Required action. The material below holds pictures; leave them out and reproduce exactly the lines from the one with "Used 2025 Honda Accord SE image 6" through the one with "Phòng Suite Deluxe, hồ", inclusive.

Exercise material.
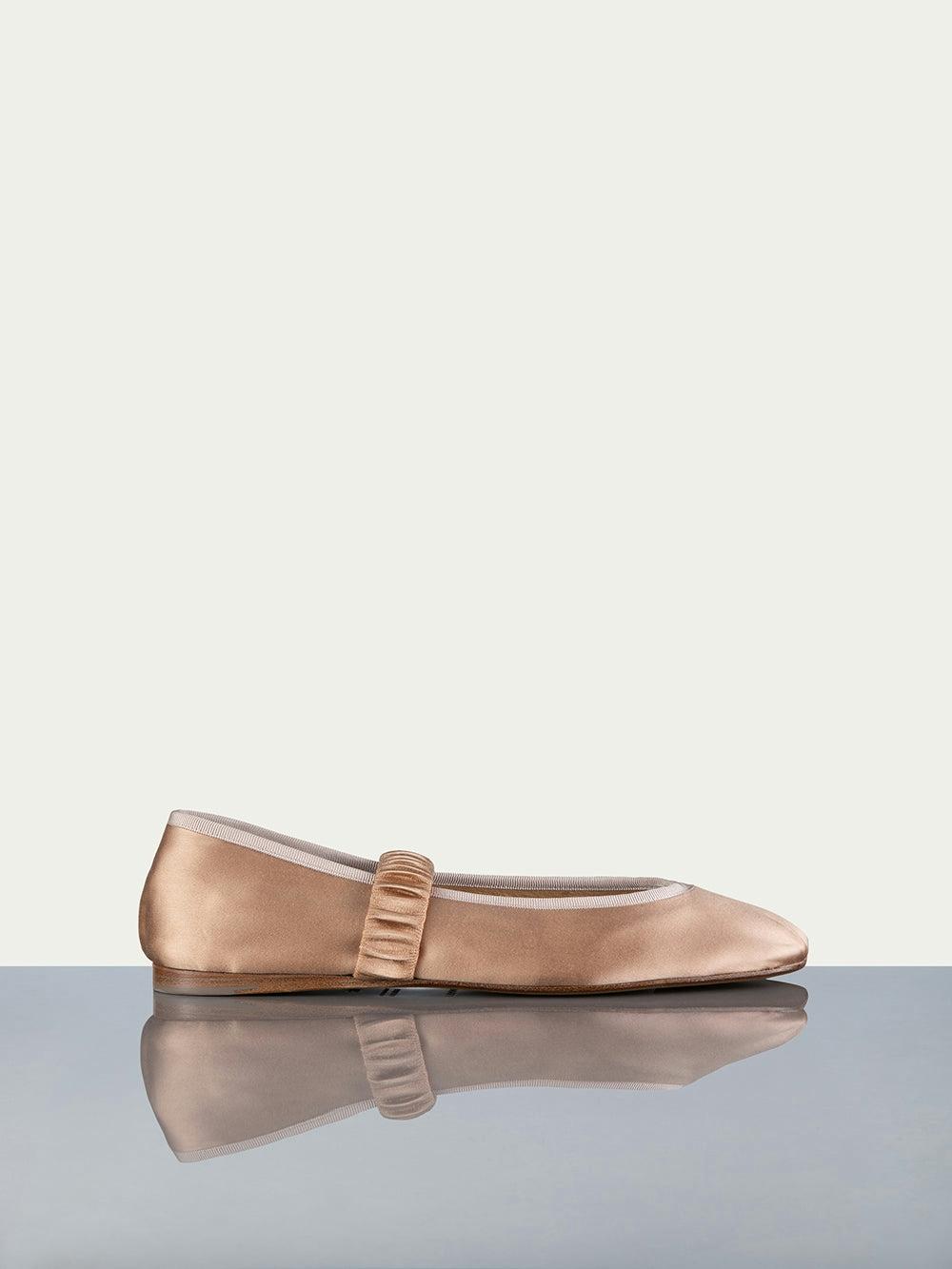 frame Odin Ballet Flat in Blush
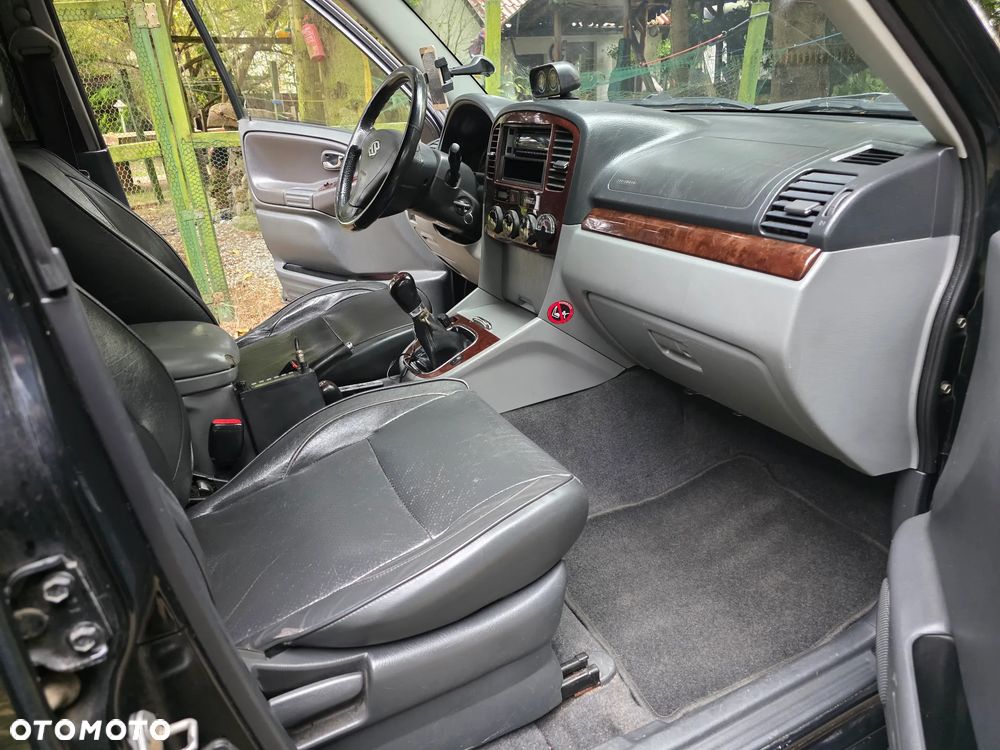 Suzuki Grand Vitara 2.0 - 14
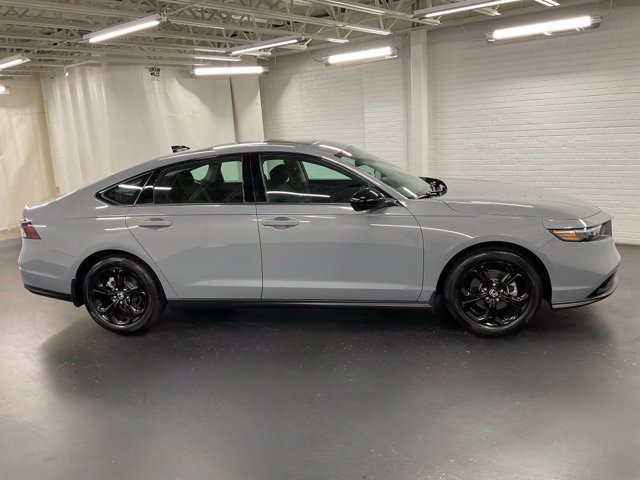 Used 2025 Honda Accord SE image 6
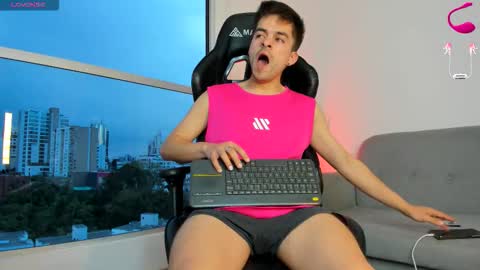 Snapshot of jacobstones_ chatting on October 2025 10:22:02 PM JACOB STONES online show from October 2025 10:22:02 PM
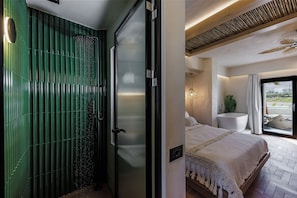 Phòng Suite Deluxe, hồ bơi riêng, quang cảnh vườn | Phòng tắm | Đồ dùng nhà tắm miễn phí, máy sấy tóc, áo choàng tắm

==

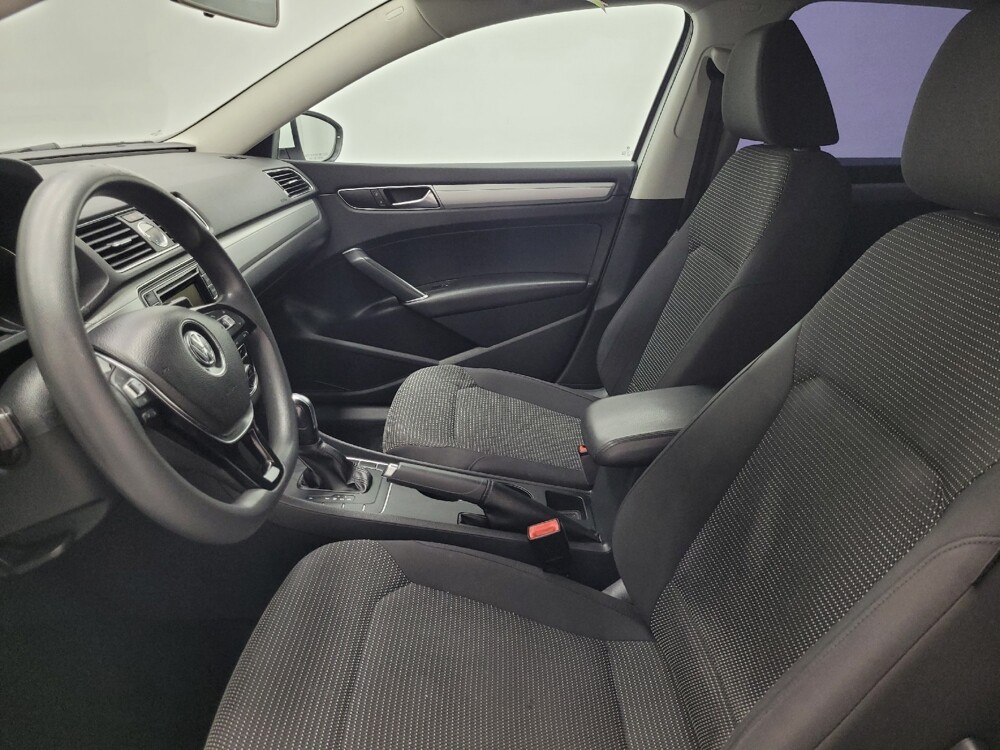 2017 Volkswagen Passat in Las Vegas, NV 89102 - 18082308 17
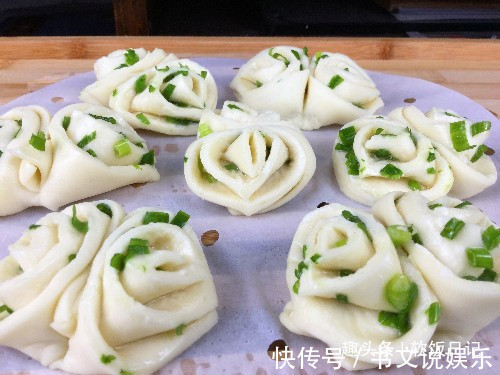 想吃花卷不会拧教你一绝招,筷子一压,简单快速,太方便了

Expected answer.
 Used 2025 Honda Accord SE image 6
 Snapshot of jacobstones_ chatting on October 2025 10:22:02 PM JACOB STONES online show from October 2025 10:22:02 PM
 Phòng Suite Deluxe, hồ bơi riêng, quang cảnh vườn | Phòng tắm | Đồ dùng nhà tắm miễn phí, máy sấy tóc, áo choàng tắm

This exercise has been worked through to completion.